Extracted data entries
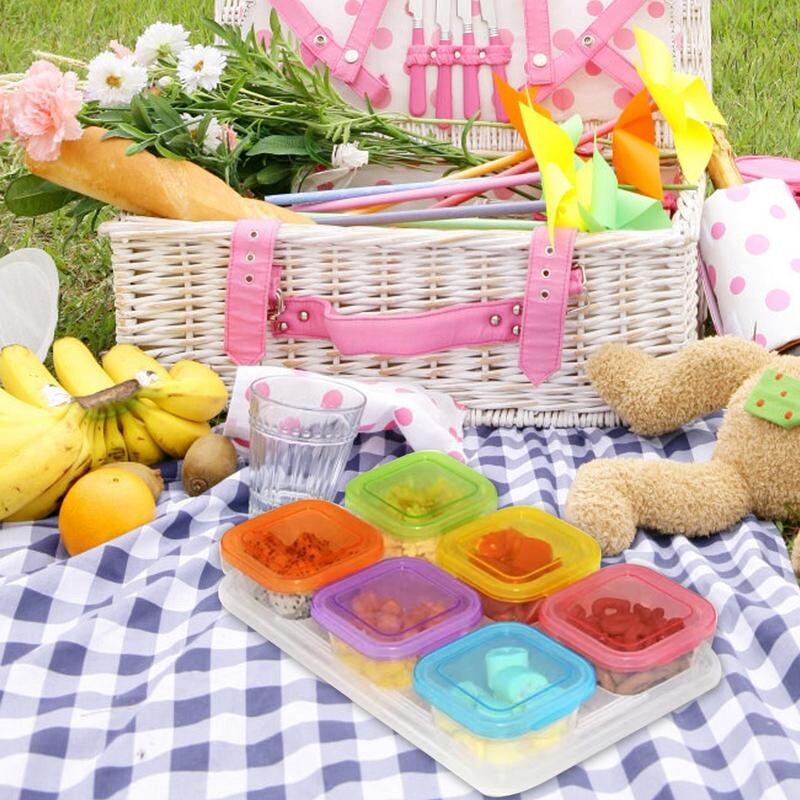 Posude za hranu za bebe Posude za hranu za bebe s poklopcima Kontejner za preljev za salatu za višekratnu upotrebu i kutija za hranu za bebe za blagovanje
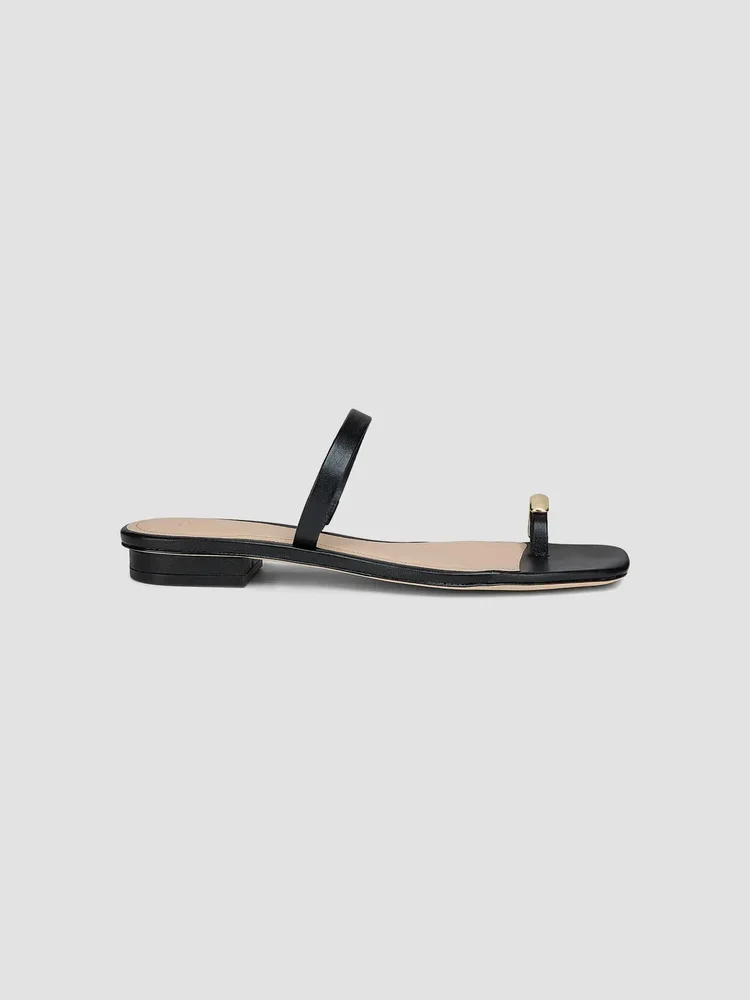 Leather Toe Ring Sandals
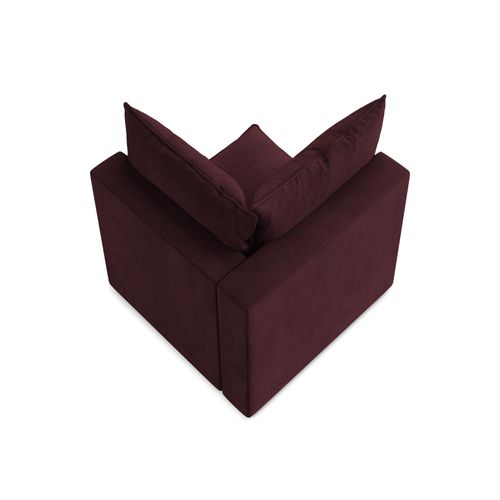 Fauteuil D'angle Pour Canapé Modulable Manao En Tissu Texturé Bordeaux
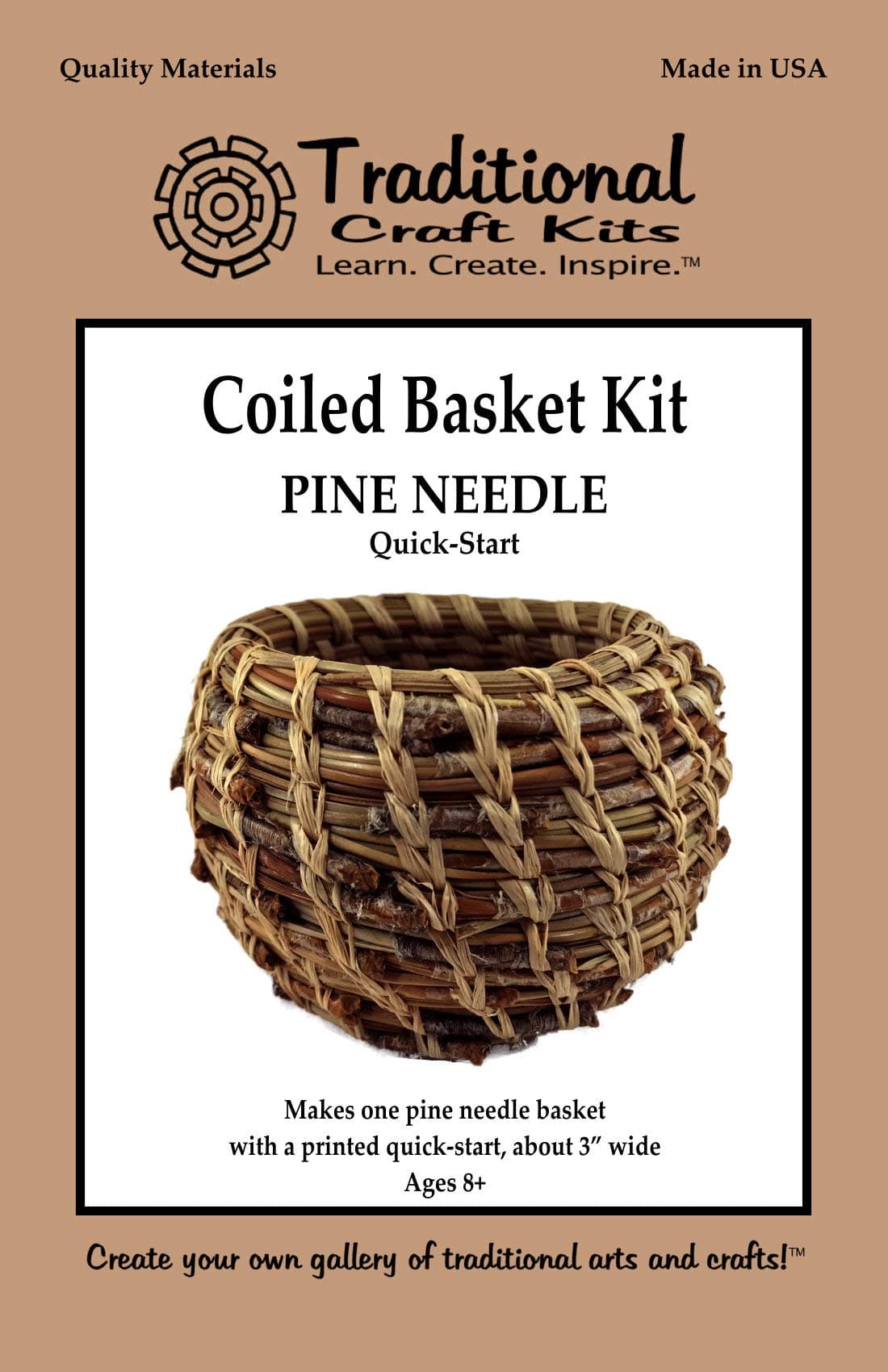 Quick Start Pine Needle Basket Kit - Round Style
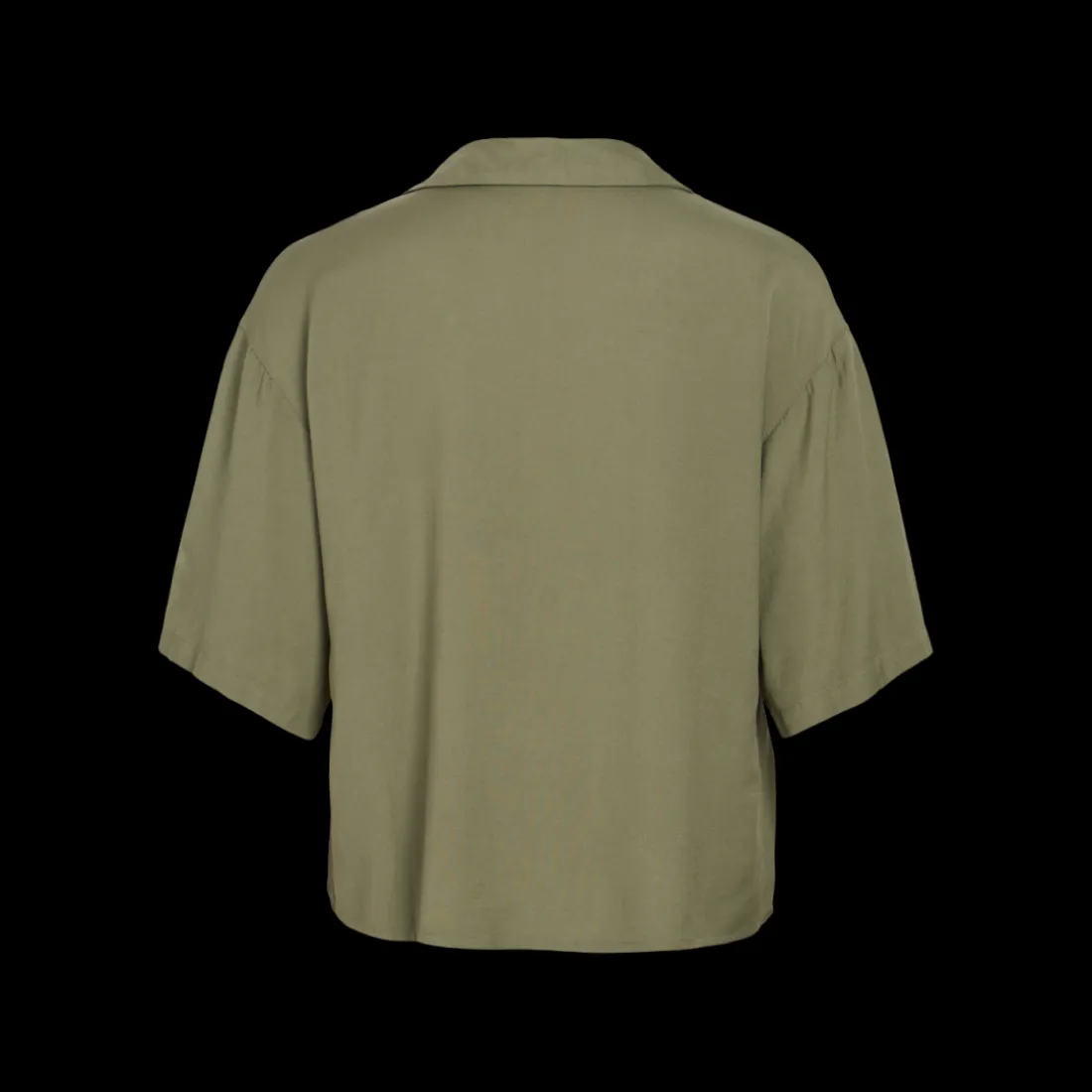Blouse manches courtes vert Lyra en viscose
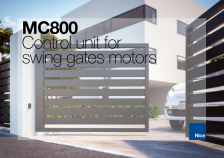 MC800 - control unit for swing gates motors
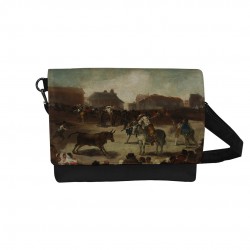 کیف دوشی طرح گاوبازی در یک شهر از گویا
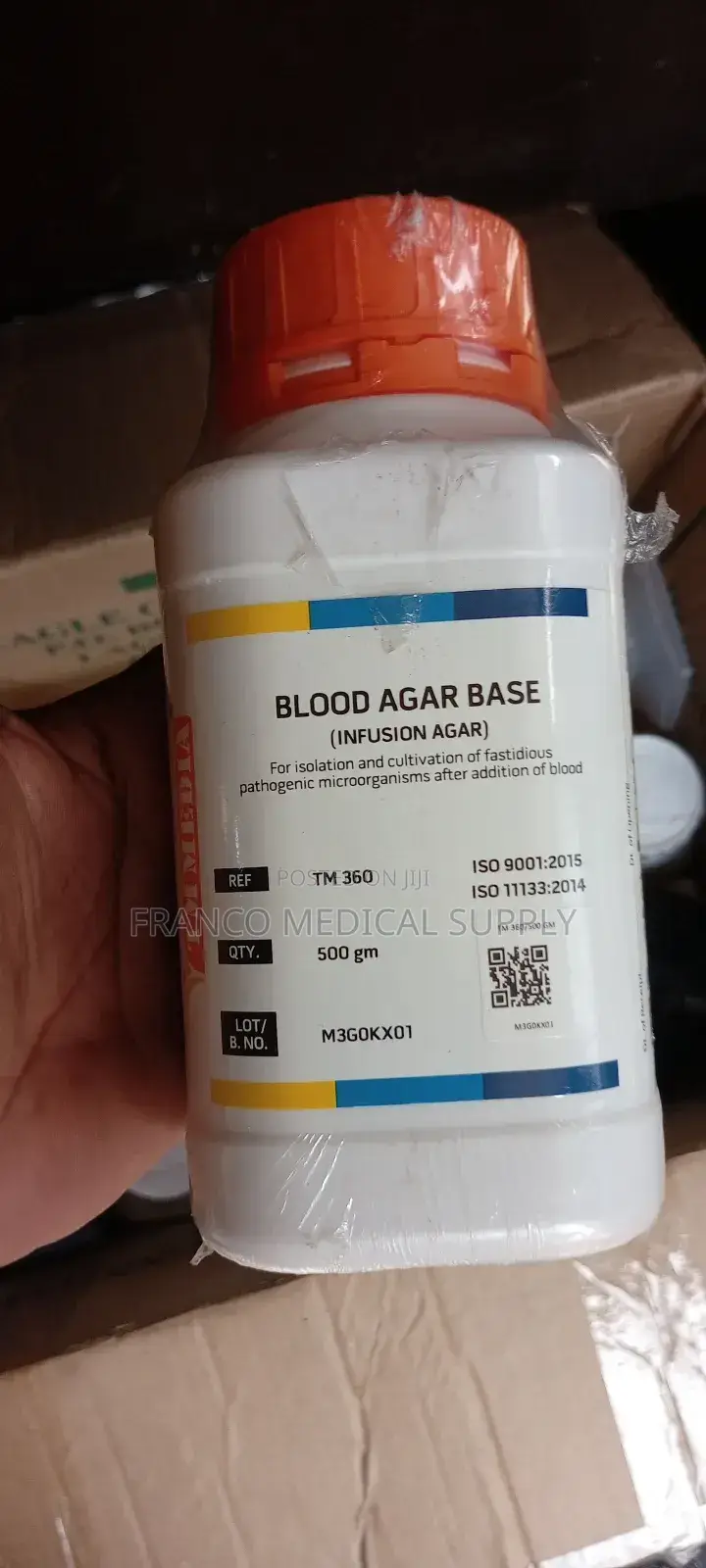 Blood Agar Base (INFUSION AGAR)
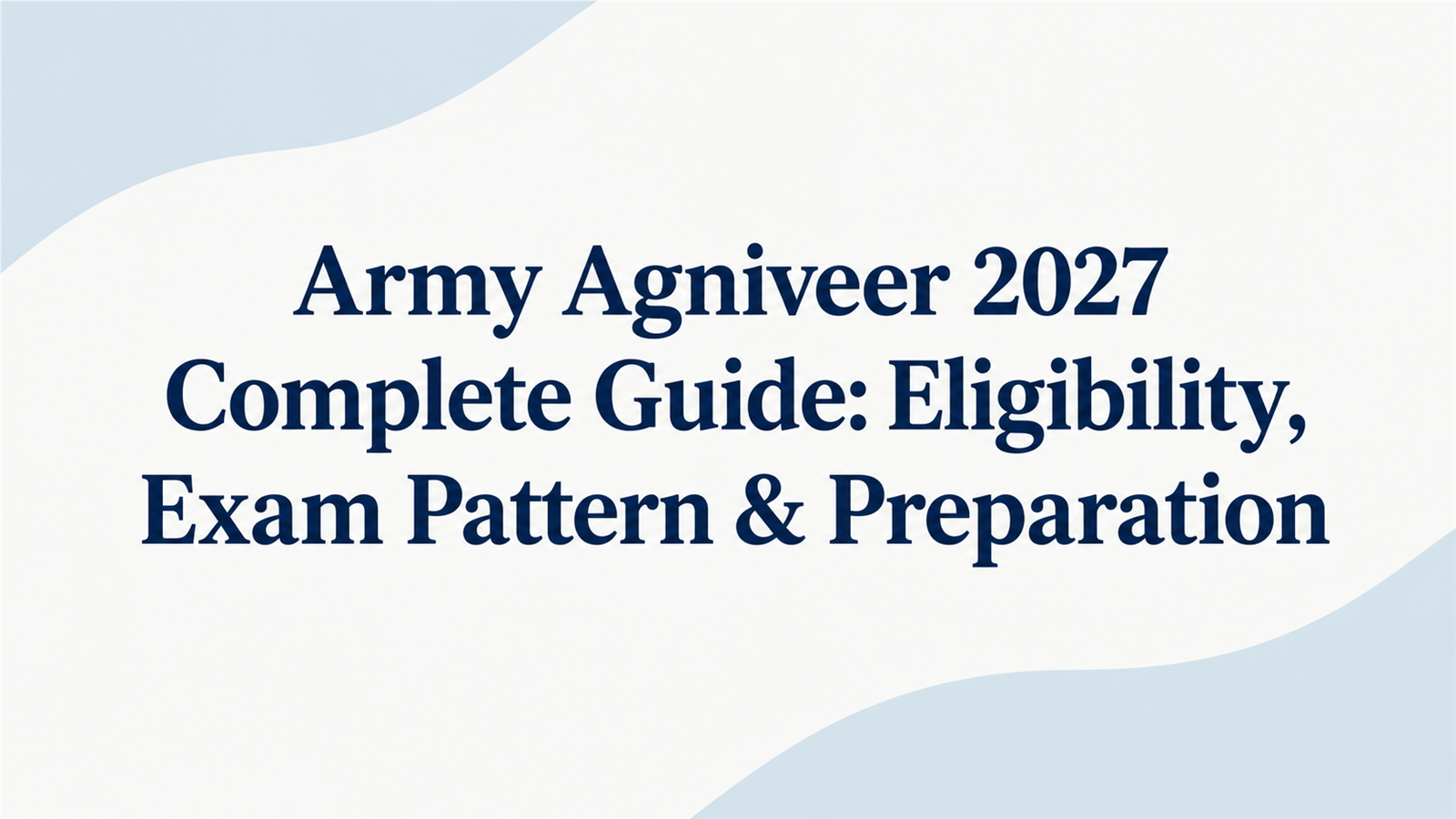 Army Agniveer 2027 Complete Guide: Latest Updates, Physical Test, Coaching Institutes & Test Series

### HOW TO COMPLETE THIS TASK
Reproduce exactly and only the lines from the one with "Fauteuil D'angle Pour" through the last entry, both included, excluding every picture.

### OUTPUT OF THE EXERCISE
 Fauteuil D'angle Pour Canapé Modulable Manao En Tissu Texturé Bordeaux
 Quick Start Pine Needle Basket Kit - Round Style
Blouse manches courtes vert Lyra en viscose
 MC800 - control unit for swing gates motors
 کیف دوشی طرح گاوبازی در یک شهر از گویا
 Blood Agar Base (INFUSION AGAR)
 Army Agniveer 2027 Complete Guide: Latest Updates, Physical Test, Coaching Institutes & Test Series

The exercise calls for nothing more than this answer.